Formerly Nick’s Spaghetti House, 2 seconds, 2020.
“Memory Block,” 2017, digital composite for projection and artist book (scanned from film).
First installation/projection of Memory Block, 2011.
First installation of Memory Block, 2011.
“Memory Block” projection & print installation for the Lind Prize finalist exhibition at Presentation House Gallery, 2017. Photo by Caroline Boback.
Memory Block the book (2017) features many of the stories from the installation set in a maze accordion fold.
Memory Block, Volume 1, 2017. Digitally printed and hand-folded. Edition of 100.

Memory Block

2011–

Since 2011 I have been working on an archival project about Commercial Drive, originally responding to Stan Douglas’s high fidelity panoramic photographic work “Every Building on 100 West Hastings” which was in turn a response to Ed Ruscha’s artist book Every Building on the Sunset Strip. Both of these (otherwise very different) works emphasize architecture and depict busy streets as empty or nearly so. I wanted to instead emphasize community presence in my working-class, immigrant neighbourhood, one which was a lifeline for me as a poor, young lesbian mother.

I started by taking pinhole photographs of businesses that had been on the Drive at least since I had moved there in 1992—my own memory acting as benchmark. I love working with long exposure photography to represent memory because of its extra-analog nature: as the film is exposed, the image is overwritten, just as memory is reconstructed each time we access it.

But this destructive quality of pinhole means that moving objects are shown as blurry or erased altogether—pointing to the destructiveness of gentrification. To underline human presence, I invited community members—other artists, activists, writers and queers—to share stories about the businesses I had photographed. My interest was not only to create a community history, but also to consider how cultural producers are contributing to gentrification.

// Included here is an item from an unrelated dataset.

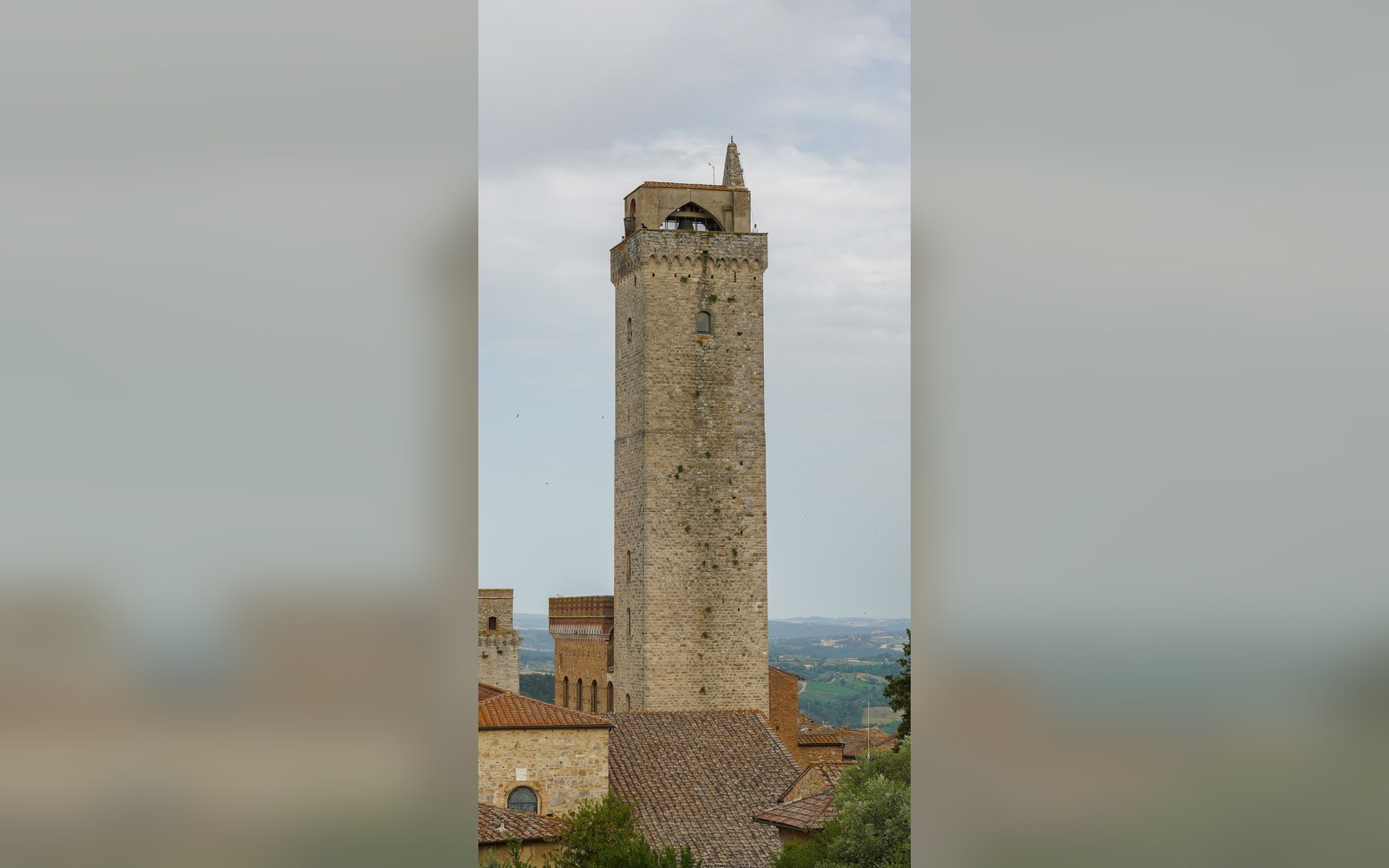 Tall stone bell tower rises above tiled rooftops in San Gimignano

The first iteration of Memory Block was a digital projection of a reconstructed, composite “block” over textual posters of the stories. When viewers approached to read the stories, the projector cast their shadows on the wall, effectively blocking parts of the image, just as consumers (of culture, food, art) compromise low-income neighbourhoods as we enjoy them, as well as how we experience gaps in memory when we attempt recollection.

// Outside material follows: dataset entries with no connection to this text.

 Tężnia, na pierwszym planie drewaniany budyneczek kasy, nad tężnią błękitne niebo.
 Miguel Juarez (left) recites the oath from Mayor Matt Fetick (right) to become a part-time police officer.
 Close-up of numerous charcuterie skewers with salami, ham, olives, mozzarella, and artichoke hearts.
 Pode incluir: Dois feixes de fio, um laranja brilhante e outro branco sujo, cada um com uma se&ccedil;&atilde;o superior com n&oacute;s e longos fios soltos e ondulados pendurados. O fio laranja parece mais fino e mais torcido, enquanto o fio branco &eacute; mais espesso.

I also created an artist book as an extension of the installation. The choice of a maze accordion fold not only references Ed Ruscha’s accordion Sunset Strip book, but also speaks to the disorienting quality of memory—the viewer can get lost trying to move through the block and the stories.

The image-text installation was shortlisted for the 2017 Lind Prize for Emerging Artists and exhibited in a finalist group show at Presentation House Gallery. The book was featured in a video from the Cynthia Sears Artist’s Book Collection at the Bainbridge Island Museum of Art: https://youtu.be/wKoSIfo6bTI.

I am grateful to the many community members who shared their stories of our neighbourhood. The stories in the 2017 installation and book are by: Kristine A., Michelle Buchanan, ISC, Wayde Compton, Donna Dykeman, Terrie Hamazaki, Nancy Pang, Terra Poirier, Nadene Rehnby, Michelle Sylliboy.

Memory Block is an ongoing archive, and I plan to produce a second installation and book of new photographs and stories.